• _WHAT YOU ARE ASKED TO DO_: Every line from the first in the listing below to the line containing "Radhë të gjata" is to be repeated exactly, and no line past it.

• _DATA FOR ANALYSIS_:

..............................

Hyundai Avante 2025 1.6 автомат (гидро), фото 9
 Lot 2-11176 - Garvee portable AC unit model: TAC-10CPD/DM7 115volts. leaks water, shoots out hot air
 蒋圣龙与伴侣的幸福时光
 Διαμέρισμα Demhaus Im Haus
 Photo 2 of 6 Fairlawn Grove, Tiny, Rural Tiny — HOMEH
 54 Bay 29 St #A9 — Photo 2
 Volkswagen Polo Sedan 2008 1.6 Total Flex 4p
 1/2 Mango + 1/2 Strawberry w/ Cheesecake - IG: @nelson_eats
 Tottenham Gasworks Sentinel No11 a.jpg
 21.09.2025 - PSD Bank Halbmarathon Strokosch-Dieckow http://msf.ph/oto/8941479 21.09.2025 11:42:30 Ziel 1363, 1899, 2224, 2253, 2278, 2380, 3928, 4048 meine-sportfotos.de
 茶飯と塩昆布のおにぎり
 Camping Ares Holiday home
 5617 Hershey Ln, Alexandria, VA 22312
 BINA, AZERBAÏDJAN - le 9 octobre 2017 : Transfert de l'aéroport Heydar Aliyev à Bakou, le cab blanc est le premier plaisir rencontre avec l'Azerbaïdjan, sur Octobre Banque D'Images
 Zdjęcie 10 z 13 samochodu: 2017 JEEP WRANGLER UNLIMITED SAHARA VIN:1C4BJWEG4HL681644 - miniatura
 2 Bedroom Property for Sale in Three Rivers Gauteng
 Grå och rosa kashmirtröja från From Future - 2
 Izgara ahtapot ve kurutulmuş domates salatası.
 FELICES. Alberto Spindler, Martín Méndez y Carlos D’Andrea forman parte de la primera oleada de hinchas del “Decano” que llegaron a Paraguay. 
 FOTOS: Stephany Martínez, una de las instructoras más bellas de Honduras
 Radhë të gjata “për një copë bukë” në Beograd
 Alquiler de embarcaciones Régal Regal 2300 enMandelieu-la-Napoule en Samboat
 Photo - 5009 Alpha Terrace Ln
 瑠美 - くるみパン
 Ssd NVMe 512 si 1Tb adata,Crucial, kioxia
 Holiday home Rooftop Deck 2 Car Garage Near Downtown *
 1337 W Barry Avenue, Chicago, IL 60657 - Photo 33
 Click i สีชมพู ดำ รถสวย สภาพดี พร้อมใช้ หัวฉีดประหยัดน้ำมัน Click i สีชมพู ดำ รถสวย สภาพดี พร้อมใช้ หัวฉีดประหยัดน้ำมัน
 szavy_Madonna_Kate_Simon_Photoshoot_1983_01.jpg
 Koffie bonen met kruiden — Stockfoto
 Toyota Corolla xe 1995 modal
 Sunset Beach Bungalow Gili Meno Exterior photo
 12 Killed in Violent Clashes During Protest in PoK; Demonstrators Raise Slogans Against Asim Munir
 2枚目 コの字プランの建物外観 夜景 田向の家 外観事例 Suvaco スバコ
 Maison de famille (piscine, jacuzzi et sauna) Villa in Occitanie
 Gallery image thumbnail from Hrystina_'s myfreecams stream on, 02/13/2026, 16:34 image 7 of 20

..............................

• _FINISHED EXERCISE_:
Hyundai Avante 2025 1.6 автомат (гидро), фото 9
 Lot 2-11176 - Garvee portable AC unit model: TAC-10CPD/DM7 115volts. leaks water, shoots out hot air
 蒋圣龙与伴侣的幸福时光
 Διαμέρισμα Demhaus Im Haus
 Photo 2 of 6 Fairlawn Grove, Tiny, Rural Tiny — HOMEH
 54 Bay 29 St #A9 — Photo 2
 Volkswagen Polo Sedan 2008 1.6 Total Flex 4p
 1/2 Mango + 1/2 Strawberry w/ Cheesecake - IG: @nelson_eats
 Tottenham Gasworks Sentinel No11 a.jpg
 21.09.2025 - PSD Bank Halbmarathon Strokosch-Dieckow http://msf.ph/oto/8941479 21.09.2025 11:42:30 Ziel 1363, 1899, 2224, 2253, 2278, 2380, 3928, 4048 meine-sportfotos.de
 茶飯と塩昆布のおにぎり
 Camping Ares Holiday home
 5617 Hershey Ln, Alexandria, VA 22312
 BINA, AZERBAÏDJAN - le 9 octobre 2017 : Transfert de l'aéroport Heydar Aliyev à Bakou, le cab blanc est le premier plaisir rencontre avec l'Azerbaïdjan, sur Octobre Banque D'Images
 Zdjęcie 10 z 13 samochodu: 2017 JEEP WRANGLER UNLIMITED SAHARA VIN:1C4BJWEG4HL681644 - miniatura
 2 Bedroom Property for Sale in Three Rivers Gauteng
 Grå och rosa kashmirtröja från From Future - 2
 Izgara ahtapot ve kurutulmuş domates salatası.
 FELICES. Alberto Spindler, Martín Méndez y Carlos D’Andrea forman parte de la primera oleada de hinchas del “Decano” que llegaron a Paraguay. 
 FOTOS: Stephany Martínez, una de las instructoras más bellas de Honduras
 Radhë të gjata “për një copë bukë” në Beograd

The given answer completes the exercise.